Sementara, pihak penggugat Kades Gilang, Sariadi ketika dikonfirmasi terkait adanya Musdes usai diterbitkannya Perdes itu mengaku bahwa Musdes itu dilakukan untuk membahas lebih spesifik persoalan sengketa tanah yang tengah dihadapi itu. Ketika singgung kapan Musdes dilakukan sebelum diterbitkannya Perdes nomor 17 tahun 2017 tentang aset Desa Gilang. Sariadi mengaku lupa.
“Lupa Musdenya kapan,” ucapnya singkat.
Persoalan lahan seluas 3000 meter persegi di RT 16, RW 4 Desa Gilang itu kini menjadi pokok sengketa perkara antara Kades Gilang Sariadi, sebagai penggugat dengan Heri Raharjo, tergugat satu yang sudah menguasai lahan tersbut yang dibeli dari Abdullah Mahfud, tergugat dua dan tergugat tiga, Fitriah.
Lahan yang kini sudah dimanfaatkan untuk kolam pancing itu diklaim oleh pihak desa setempat bahwa lahan tersebut masuk aset desa.
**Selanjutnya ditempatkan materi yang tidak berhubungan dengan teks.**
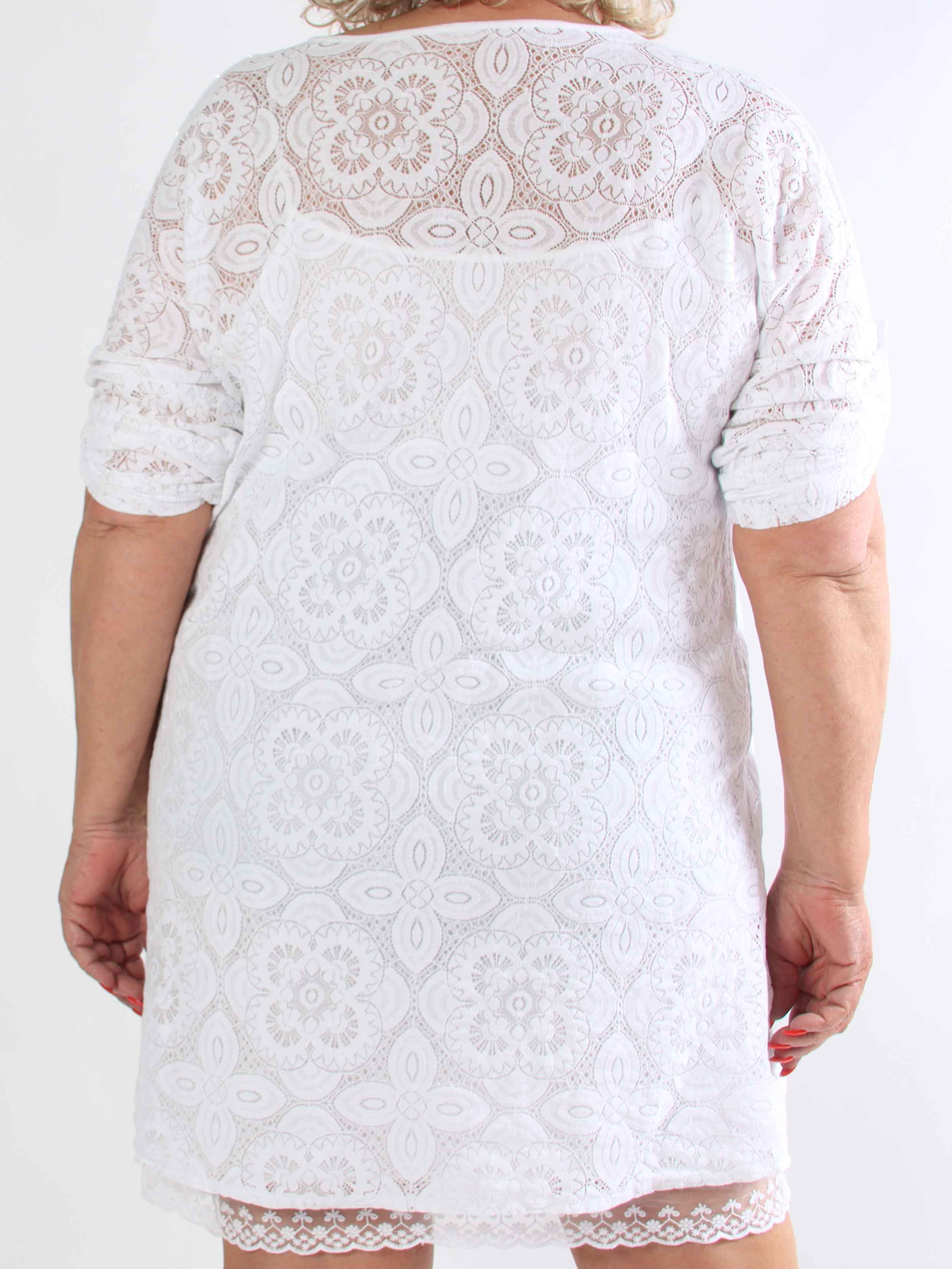 Arianna - Sød plus size blondekjole i bomuld med blød underkjole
Bukti dimasukkannya aset desa itu berdasarkan hibah yang diberikan dari 72 petani gogol desa dan sudah tercatat dalam Letter C yang dibuat tahun 1979 silam.
Sementara pihak tergugat yang memiliki tanah tersebut saat ini, Heri Raharjo mengaku tanah tersebut dibeli dari tergugat dua, Abdullah Mahfud dan tergugat tiga, Fitrih. “Bahwa tanah itu jelas-jelas saya beli,” ucap Heri Raharjo.
Heri mengaku, dirinya memiliki bukti surat dan dokumen yang lengkap, serta SK Gogol Gubernur Tahun 1971 dan peralihan surat itu jelas dan berdasarkan Akta Notaris. ”Jelas saya memiliki bukti otentik,” akunya.
Menurut Heri, dirinya merasa di dzalimi dan dipersulit oleh kepala desa Gilang ketika proses mengurus sertifikat tanah tersebut. ”Saya tidak tahu dan alasan apa mempersulit yang merupakan itu hak saya untuk mengurus surat tanah saya,” ucapnya.
Pihak tergugat mengklaim dirinya justru sangat dirugikan atas gugatan tanah tersebut. Bahkan, pihaknya lebih dirugikan lagi ketika kepala desa datang ke lokasi tanah yang sudah dibeli olehnya itu dengan mengadakan konferensi pers yang tanpa izin dan sepengetahuannya.
“Pemberitaan yang selama ini beredar merugikan jelas merugikan klien kami, padahal klien kami adalah orang yang mengerti hukum. Tanah itu benar dibeli dan surat dokumennya lengka. Kalau itu diklaim oleh Kades aset desa dari hibah petani gogol, apa bisa mereka menujukkan bukti surat hibah itu,” tutup Faisal Ahmad, kuasa hukum tergugat Heri Raharjo.